De investeringen in IT zijn de afgelopen jaren gestegen van gemiddeld € 100 miljoen in 2015 naar circa € 300 miljoen in 2020. Voor de komende vijftien jaar is de investeringsruimte circa € 350 miljoen per jaar. In de onderzoeken wordt geconcludeerd dat, vooral voor de langere termijn (2025–2035), de indicatie is dat de behoeften en ambities verder zullen toenemen. De grote veranderingen komen voor een belangrijk deel voort uit de defensieambities. Zoals ook hierboven gesteld hebben deze cijfers een bepaalde mate van onzekerheid in zich. Hierbij zijn het absorptie- en realisatievermogen van de defensieorganisatie en krapte op de arbeidsmarkt op dit moment beperkende factoren voor het invullen van de ambities zoals bijvoorbeeld gesteld in de Defensievisie 2035.

Voorts moet voor IT sprake kunnen zijn van meer kort-cyclische bedrijfsvoering en verwerving. Daarnaast moet Defensie streven naar meer en betere samenwerking met de markt, wendbaarheid en het verhogen van snelheid in processen.

Oplossingsrichtingen en maatregelen

Het rapport Defensie Duurzaam Digitaal beveelt aan eerst de basis op orde te maken en de juiste randvoorwaarden in te richten, om van daaruit verder te bezien hoe om te gaan met de discrepantie tussen ambitie en budget. Defensie kan echter niet vooruitlopen op (financiële) integrale besluiten die volgende kabinetten zullen moeten nemen. Wel voert Defensie de aspecten van de «no-regret maatregelen» al uit die zowel nu als in de toekomst geen financiële consequenties hebben.6 Bij de uitvoering hiervan zal Defensie onder meer:

  • de sturing op IT verbeteren door het opstellen van een producten- en dienstencatalogus waarin kosten, kwaliteitseisen en levering van IT-diensten staan benoemd;

  • oordelen gaan uitvoeren op wapensysteemgerelateerde projecten door de Chief Information Officer (CIO);

  • zowel huidig IT personeel als non-IT personeel om- en bijscholen voor zover dat kan. Dit gebeurt al concreet in het «Future Fit» programma van het JIVC;

  • zorgen voor meer bewustwording en kennisopbouw bij het non-IT leiderschap via masterclasses op de gebieden data en cyber;

  • streven naar een kort-cyclischer en flexibeler portfoliomanagement door mandatering lager in de uitvoering te beleggen.

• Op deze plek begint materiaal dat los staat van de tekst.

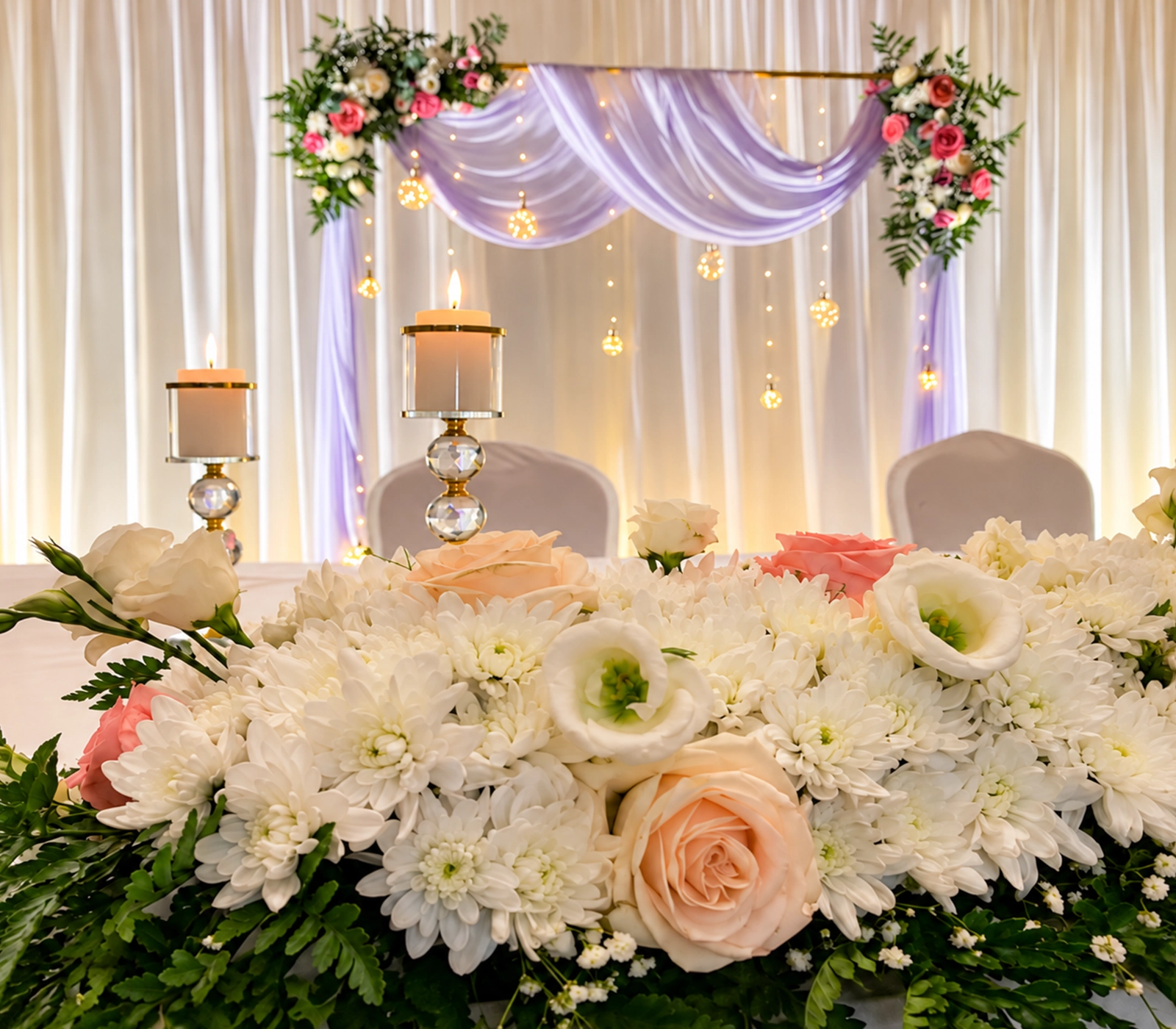 Dekorime për fejesa dhe ceremoni në Kosovë me hark lulesh dhe aranzhime elegante – LLY Event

Een andere stap zijn routekaarten voor informatiegestuurd optreden en data (IGO/data) en voor cyber die ik dit jaar laat opstellen. In deze routekaarten wordt onder meer aandacht besteed aan benodigde personele capaciteit en expertise, investeringen en innovatieve manieren van samenwerking, zowel intern als met marktpartijen, die in de toekomst benodigd kunnen zijn.

Qua governance wordt op bovenstaande maatregelen en stappen integraal toegezien door de zogeheten Stuurgroep Digitale Transformatie. Dit is op het hoogste niveau het overleg waarin alle stakeholders, inclusief de defensieonderdelen, zijn vertegenwoordigd. Ik heb u hierover geïnformeerd bij brief van 2 november jl. (Kamerstuk 31 125, Nr. 115).

Tot slot, uw Kamer wordt via de begrotings- en verantwoordingscyclus geïnformeerd over de voortgang op dit dossier.

De Staatssecretaris van Defensie, B. Visser


X Noot
1

Onder IT wordt verstaan de technologie, toepassingen, mensen, processen, werkwijzen en de algehele organisatie en governance. Daaronder vallen ook de IT-delen van data (science) en digitale weerbaarheid.

X Noot
2

Raadpleegbaar via www.tweedekamer.nl.

X Noot
3

Raadpleegbaar via www.tweedekamer.nl.

X Noot
4

Zie Defensie Duurzaam Digitaal, p. 28.

X Noot
5

Zie met name Defensie Duurzaam Digitaal, pp. 8–12.

X Noot
6

Zie Defensie Duurzaam Digitaal, p. 13.